İnsan hakları bilincinin oluşmasına ve eğitimine küçük yaşlarda başlanması gerektiğinin öneminin büyük olduğuna değinen Arslan, “Türkiye insan hakları alanında hak etmediği şekilde ithamlara maruz kalıyor. İnsan hakları siyasetin, çifte standartın, hayat tarzı dayatmalarının bir aracı haline getirilebiliyor. Bu konuda insan hakları eğitiminin bilincinin geliştirilmesinde son derece önemli olduğunu düşünüyorum ve bu konuya tekrar tarar dönüş yapmak gerektiğini söylüyorum.Aile içerisinde çocukken de insan hakları eğitimi başlıyor. Türkiye’nin en önemli sorunlarından bir tanesi insan hakları eğitimidir ama bu insan hakları eğitimi sadece devletlerin kabul ettiği dar çerçeveli sözleşmelerden ibaret değildir. Aslında çok daha geniş, hayatın her alanını kapsayan bir hak bilincinin gelişmesi yönündedir. Eğer böyle olursa biz o zaman insan hakları sorunlarını daha az yaşarız. 25-30 yaşına gelmiş bir memura görevdeyken müdahale etmektense 5-10 yaşındayken kişiye doğru bir hak bilincini öğrettiğiniz zaman zaten sorunlarımız büyük ölçüde ortadan kalkar diye düşünüyorum. Bu alanda ne kadar ürün üretilirse ülke için o kadar katkı sağlanmış olur diye fikrimi ifade etmek istiyorum” ifadelerini kullandı.
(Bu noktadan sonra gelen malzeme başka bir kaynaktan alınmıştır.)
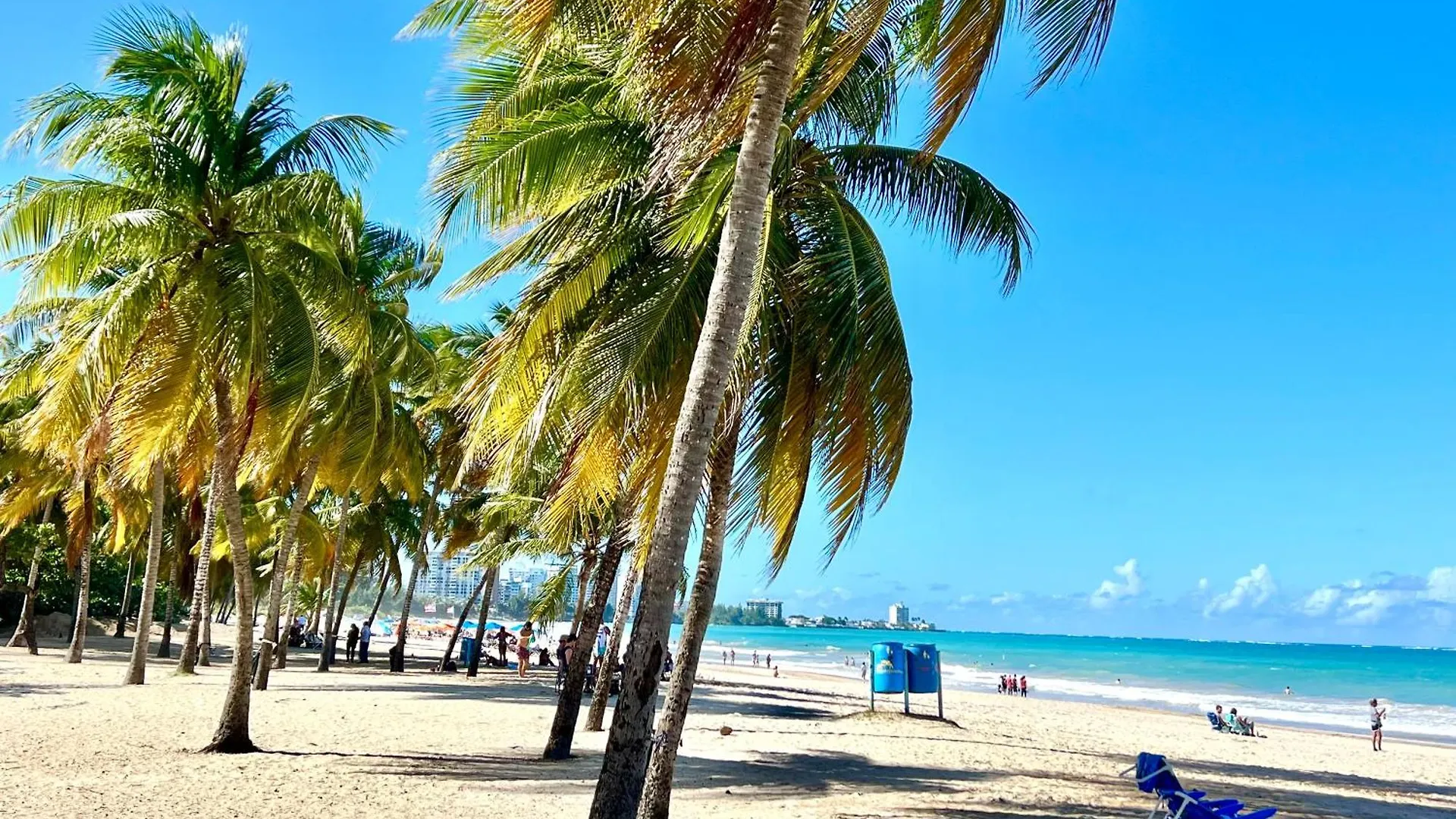 Ocean View Apt On Isla Verde In A 14Th Floor 圣胡安 波多黎各
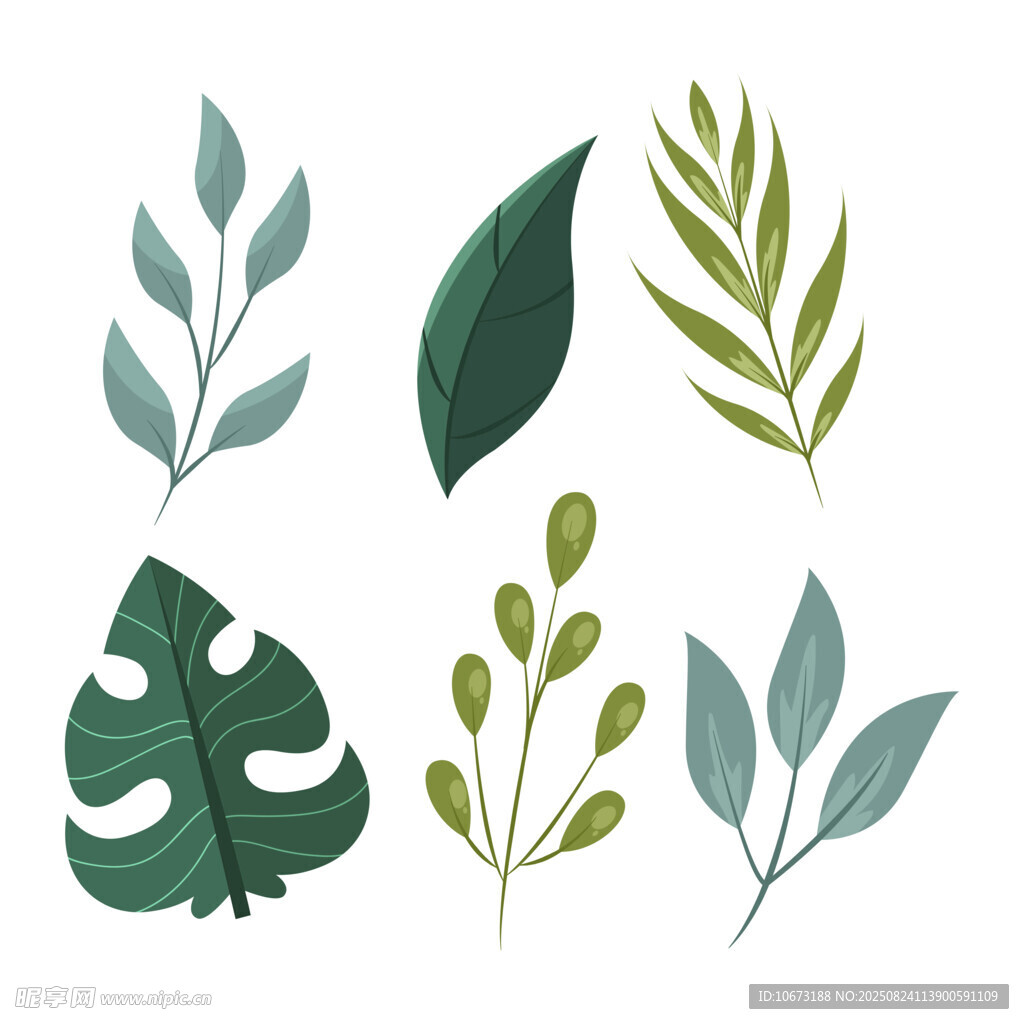 清新手绘植物叶片集合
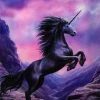 Something Different Sale Anne Stokes Black Unicorn Picture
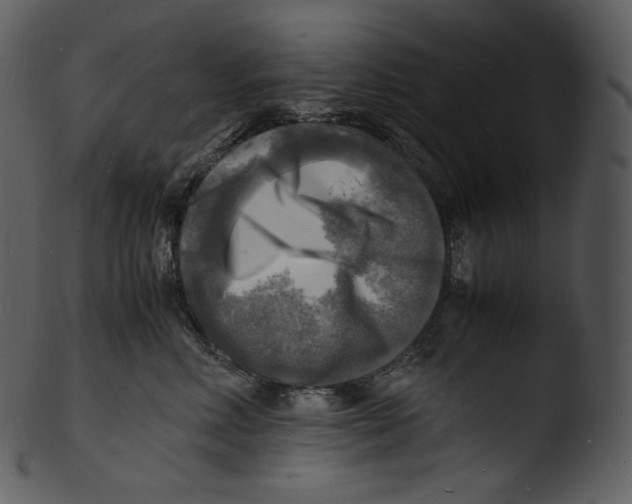 X0000103250618200809251353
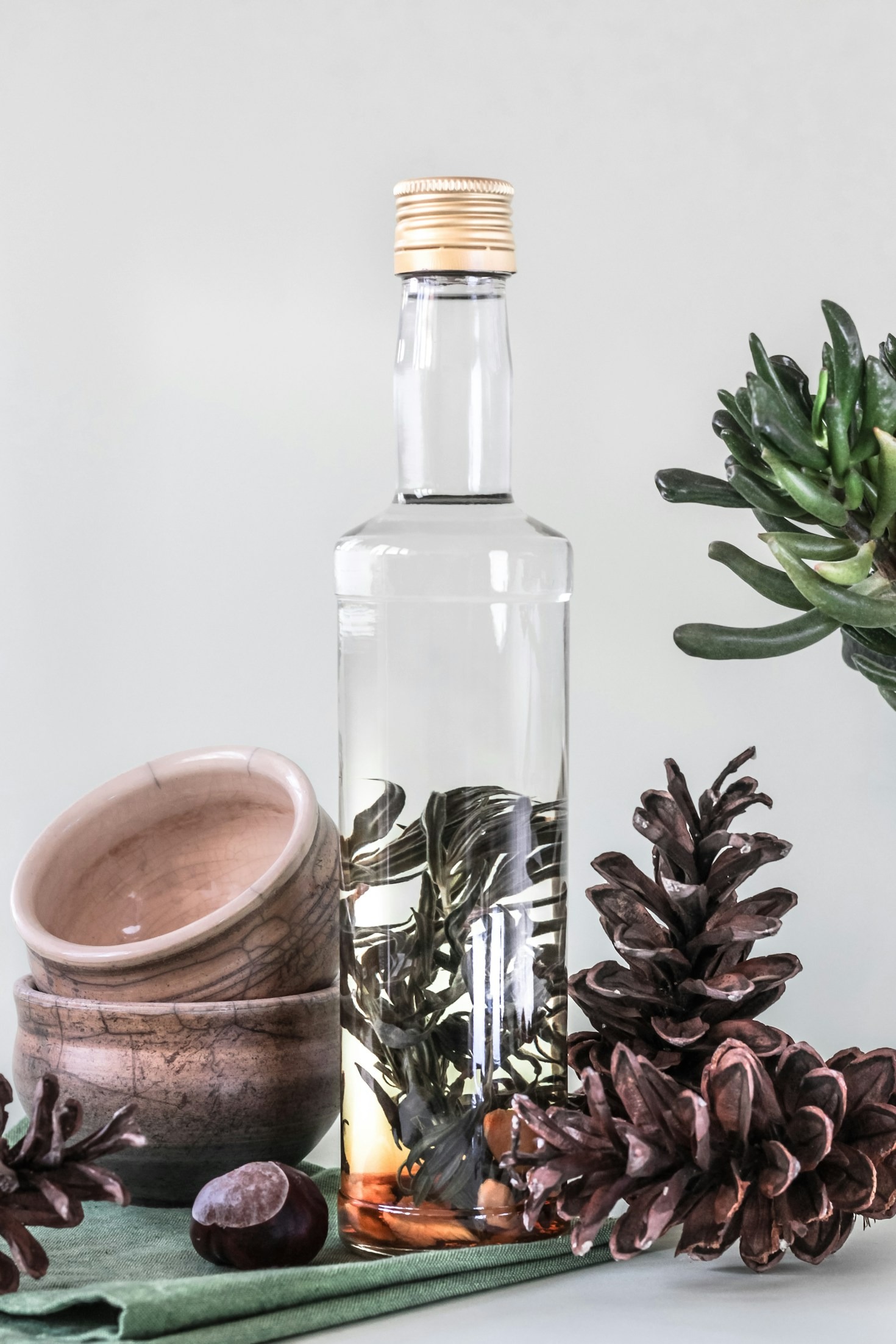 Herbal Remedies for Combating Everyday Physical Stress
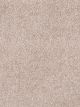 Show Stopper II Residential Carpet Color: Oak Barrel - Dreamweaver by Engineered Floors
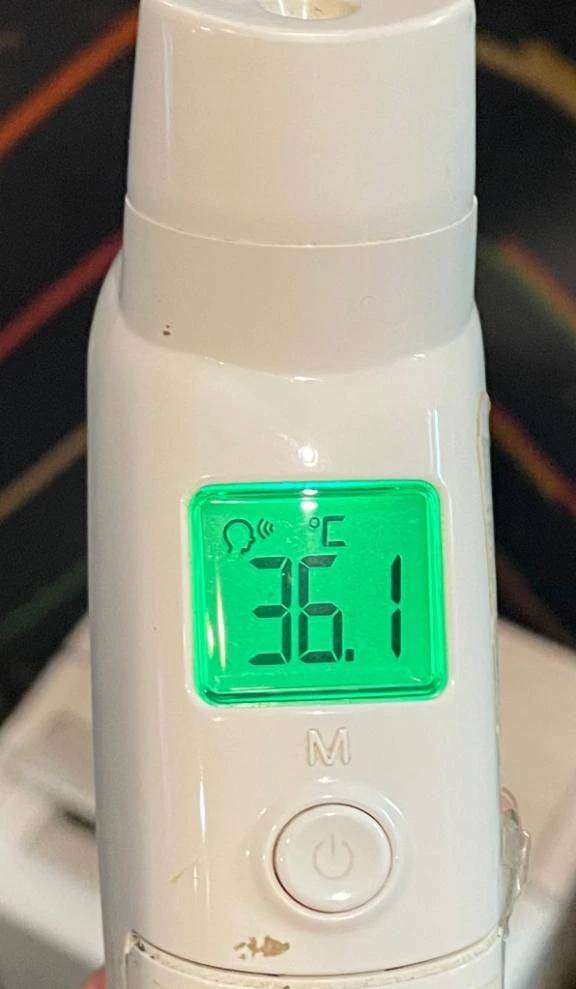 今日の体温...｡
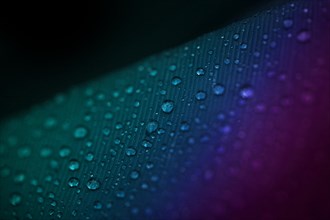 Full frame droplets colorful feather surface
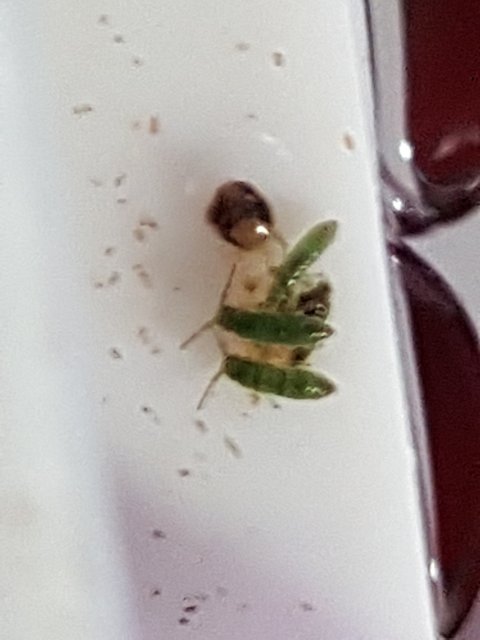 20160215_133111.jpg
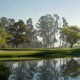 Brasileiros disputam a terceira etapa do PGA TOUR LATINOAMÉRICA na Colômbia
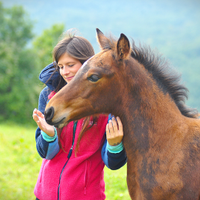 Puledro maschio svezzato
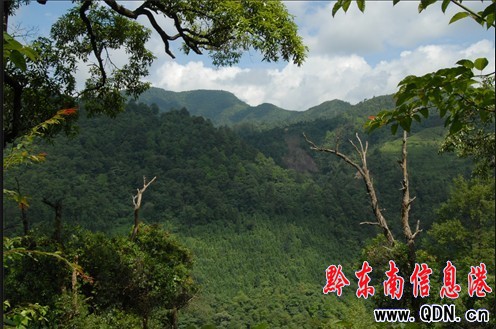 劍河百里原始闊葉林森林公園(組圖)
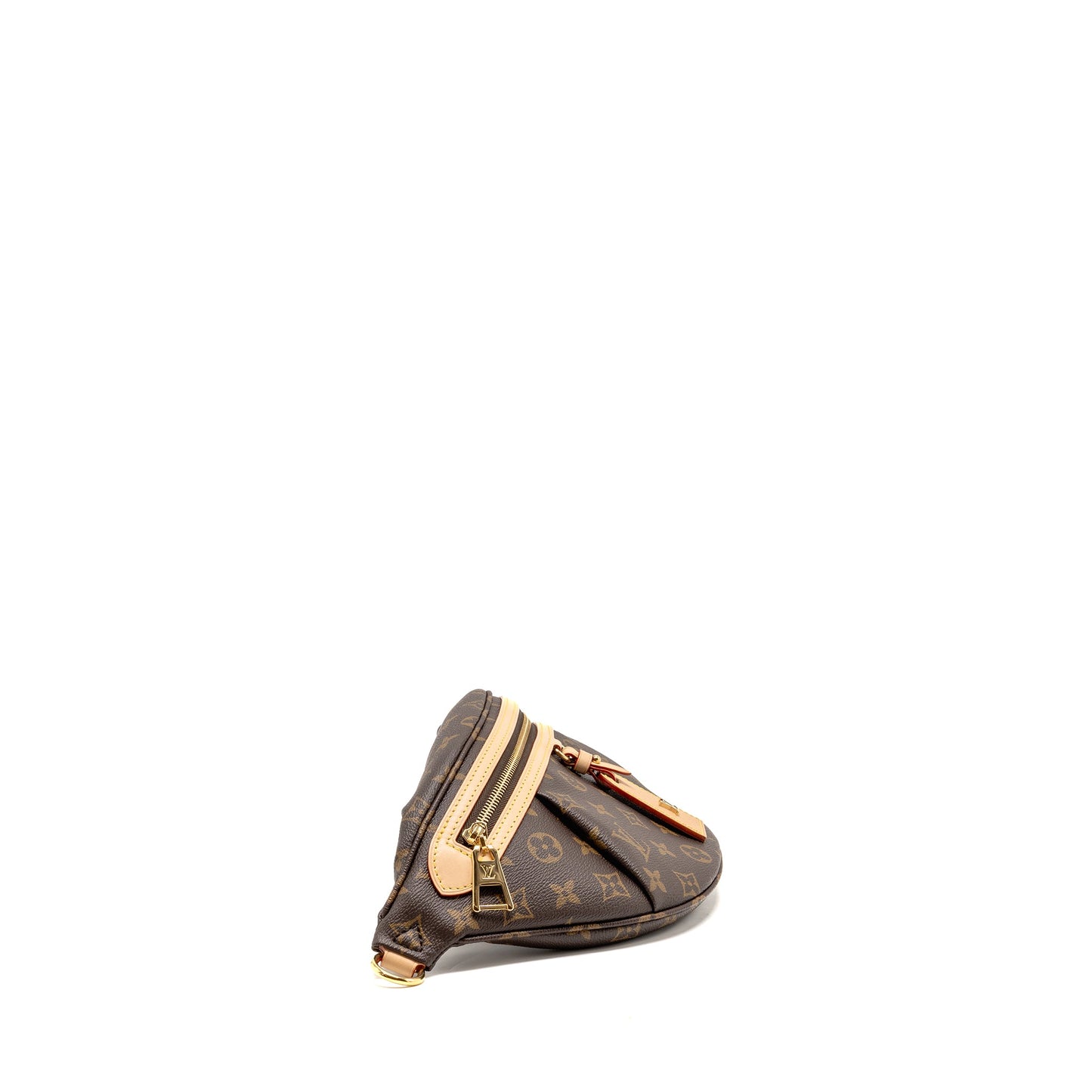Louis Vuitton High Rise Bumbag Monogram Canvas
“İnsan hakları bir ahlaktır”

Süleyman Arslan, “Geçmişten itibaren baktığımızda aslında İslam Medeniyeti de bir hak medeniyetidir. Kul hakları temelli hareket eder. Devletin gözetimi altında olanlar kadar olmayanları da yani herkesin yarın adli ilahide hesap vereceğinin şuuruyla üstün bir ahlak anlayışına dönüştüğünü görüyoruz. Yani insan hakları aslında yanında bir ahlak sistemi de getiriyor. Dolayısıyla insan hakları bir ahlaktır. Biz bu insan hakları şuurunu iyice insanların bilinçlerine yerleştirirsek o zaman bizim sorunlarımızın büyük bir çoğunluğu özel gayretler göstermeksizin ortadan kalkar. Cezaevleri, huzurevleri o kadar dolmaz. Birçok şey temelde çözülmüş olur. Okullara, üniversitelere çok önemli roller düşüyor.” dedi.

“İdealist olmamız lazım”

Son olarak gençlere tavsiyelerde bulunan TİHEK Başkanı Süleyman Arslan, “Öncelikle samimi olacağız ve art niyetlerimiz ajandalarımız olmayacak. Karşımızdaki insanın onurunu üstün tutacağız, kendimiz için istediğimiz şeyleri başkası için de isteyeceğiz. Kültürel farklılıklara saygı duymayı öğreneceğiz. Özgürlüklerin sınırsız olmadığını, bir başkasının özgürlüğünün de bizim özgürlüğümüzle bir olduğunu bir şeklide bileceğiz ve dengeleri koruyacağız. Bunları yaparken de herkesin dini, ahlaki değerlerini gözetmemiz gerekiyor. Bunun için bencil olmamamız ve olaylara empati ile yaklaşabilmemiz gerekiyor. Hepsinin yanında idealist olmamız lazım, insanlık için faydalı olmak en büyük arzularımızdan biri olmalı” ifadelerini kaydetti.Söyleşi, soru cevap kısmının ardından sona erdi.